Sabtu, 11 Juni 2016

Jilbab Bukan Produk Budaya

Kata jilbab bila ditinjau dari aspek bahasa mengandung beberapa pengertian antara lain, "Qomish yaitu pakaian lebar dan panjang sejenis jubah, atau pakaian yang lebih lapang dari khimar (kerudung penutup kepala) selain rida’ (selendang), atau pakaian lebar selain milhafah (selimut) yang dikenakan oleh seorang wanita, atau milhafah." (Lisanul ‘Arab - Ibnu Mandzhur Al-Mishri 2/162)

Sedangkan menurut istilah syariat pengertian jilbab diterangkan oleh para Ulama seperti Asy-Syaikh Al-‘Allamah Abdurrohman bin Nashir As-Sa’di, "Jilbab adalah kain lebar yang dikenakan di atas pakaian (milhafah, khimar, rida’) yang berfungsi menutupi wajah dan dada mereka. (Taisirul Karimirrahman fi Tafsir Kalamil Mannan - Tafsir Surat Al-Ahzab ayat 59)

Allah berfirman:

ياأيها النبي قل لأزواجك وبناتك ونساء المؤمنين يدنين عليهن من جلابيبهن ذلك أدنى أن يعرفن فلا يؤذين وكان الله غفورا رحيما

“Wahai Nabi, katakanlah kepada isteri-isterimu, anak-anak perempuanmu dan isteri-isteri kaum Mukminin, hendaklah mereka mengulurkan jilbabnya ke seluruh tubuh mereka yang demikian itu agar mereka lebih mudah dikenal, karena itu mereka tidak diganggu dan Allah Mahapengampun lagi Mahapenyayang.” (Al-Ahzab: 59)

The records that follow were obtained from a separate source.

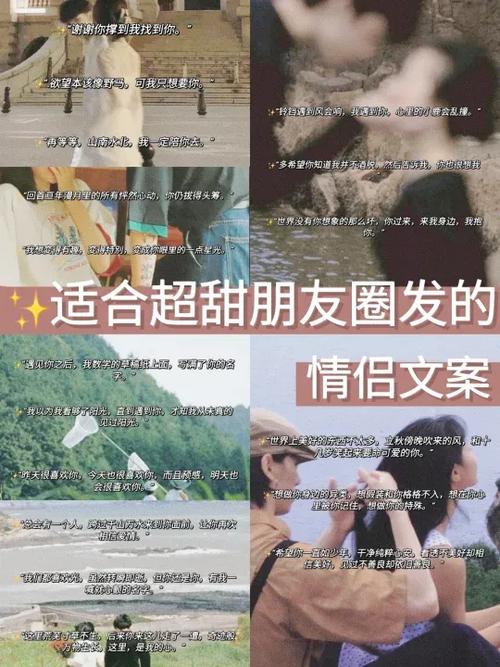 超甜网络语是什么意思
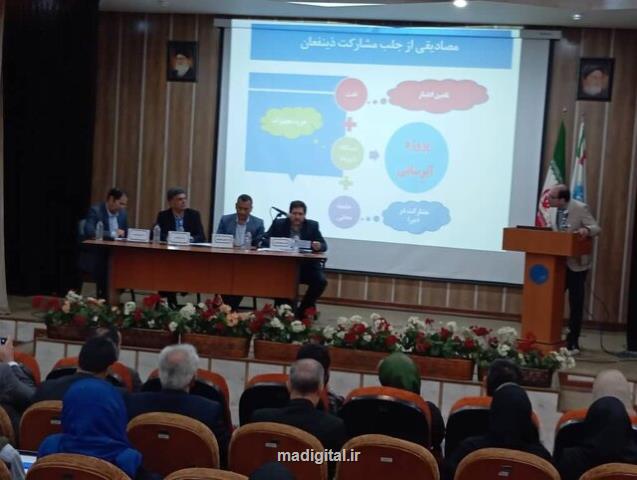 شروع بازبینی نظام نامه مسئولیت های اجتماعی صنعت نفت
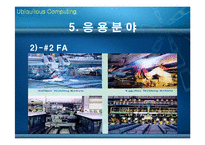 [네트워크] Ubiquitous Computing-13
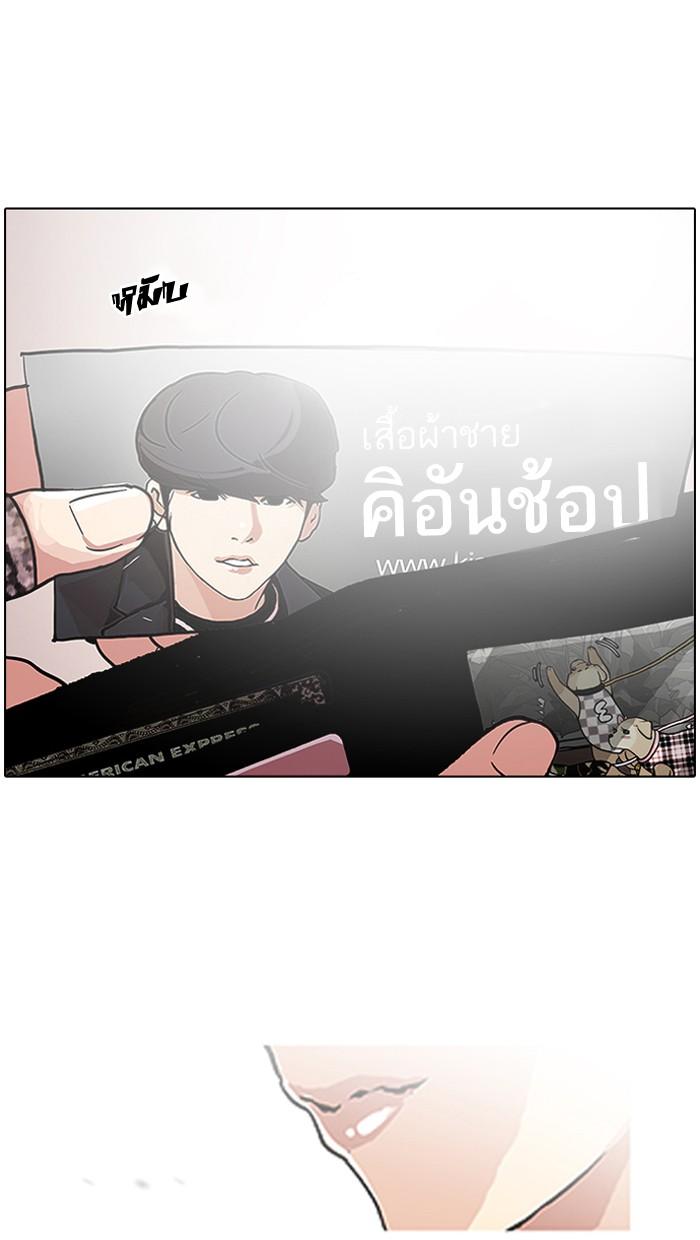 Lookism ตอนที่ 111 page 78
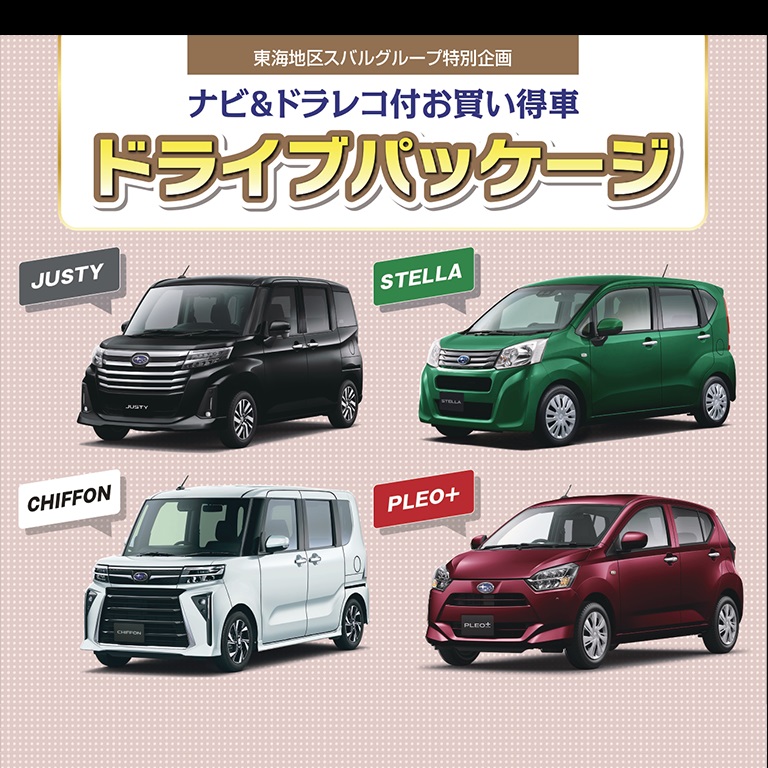岐阜スバル自動車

Ayat ini dalil shorih (tegas) yang menunjukkan wajibnya mengulurkan jilbab atas wanita dan para Ulama telah berijma' (sepakat) dalam masalah ini. Perbedaan pendapat yang mu'tabar hanyalah dalam hal menutup wajah dan kedua telapak tangan. Maka kewajiban memakai jilbab dalam ketentuan syariat sama seperti kewajiban-kewajiban lainnya. Sampai-sampai Aisyah menceritakan bagaimana sikap sebagian isteri para shohabat setelah turunnya ayat jilbab, mereka sudi merobek kain gorden rumahnya untuk mereka gunakan sebagai jilbab. 

Kendati demikian, masih saja ada segelintir orang yang minder dengan agamanya menganggap  jilbab sebagai produk budaya sehingga tidak perlu memerintahkan para wanita untuk berjilbab, begitu celotehan kufur mereka.

Andaisaja mereka mau mempelajari tarikh tasyri’ (sejarah penetapan hukum syari’at) maka mereka akan mengetahui bahwa budaya wanita Arab jahiliyyah sebelum diutusnya Rosulullah ﷺ ialah pakaiannya terbuka. Bahkan mereka rela telanjang bulat saat thowaf mengelilingi Ka’bah. Al-Imam An-Nawawi Asy-Syafii berkata:

وكان أهل الجاهلية يطوفون عراة ويرمون ثيابهم ويتركونها ملقاة على الأرض ولايأخذونها أبدا ويتركونها تداس بالأرجل حتى تبلى ويسمى اللقاء حتى جاء الاسلام فأمر الله تعالى بستر العورة

“Dahulu masyarakat jahiliyyah melakukan thowaf dengan bertelanjang bulat. Mereka melemparkan pakaiannya serta meninggalkannya tergeletak di atas tanah. Mereka tidak lagi mengambil pakaian tersebut untuk selamanya, membiarkannya terinjak-injak oleh kaki orang-orang yang lalu lalang hingga pakaian tersebut usang. Demikianlah tradisi jahiliyyah yang dinamakan "Al-Liqo’" yang terus berlangsung hingga datanglah Islam maka Allah memerintahkan mereka untuk menutup aurotnya.” (Syarh Shohih Muslim 18/369)

Maka klaim jilbab sebagai produk budaya Arab adalah kesimpulan mengada-ada yang disuarakan oleh kelompok liberal demi menjaga perasaan Barat. Faktanya wanita Arab jahiliyyah dahulu tidak mengenal busana jilbab dan menutup aurot. Baru setelah Rosulullah ﷺ diutus perintah jilbab berlaku atas isteri-isteri beliau, anak perempuan beliau serta wanita-wanita kaum Mukminin. 

Ketahuilah bahwa perintah jilbab merupakan wahyu dari Allah yang paling mengerti tentang kemaslahatan hamba-Nya. Kewajiban mengulurkan jilbab sama seperti menjalankan kewajiban sholat dan puasa yang tidak terbuka padanya ruang ijtihad maupun perbedaan pendapat. Kewajiban jilbab tetap berlaku dimanapun dan kapanpun sebagai wujud ketaatan dan menjadi salah satu pilar akhlaq yang mulia.